Character for character, give back every line below.

+ + +

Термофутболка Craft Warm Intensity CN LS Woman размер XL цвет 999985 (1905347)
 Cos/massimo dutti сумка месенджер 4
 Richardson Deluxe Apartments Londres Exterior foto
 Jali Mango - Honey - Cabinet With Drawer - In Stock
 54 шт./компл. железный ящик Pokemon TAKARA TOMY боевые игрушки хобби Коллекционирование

+ + +

• **Written answer**:
Термофутболка Craft Warm Intensity CN LS Woman размер XL цвет 999985 (1905347)
 Cos/massimo dutti сумка месенджер 4
 Richardson Deluxe Apartments Londres Exterior foto
 Jali Mango - Honey - Cabinet With Drawer - In Stock
 54 шт./компл. железный ящик Pokemon TAKARA TOMY боевые игрушки хобби Коллекционирование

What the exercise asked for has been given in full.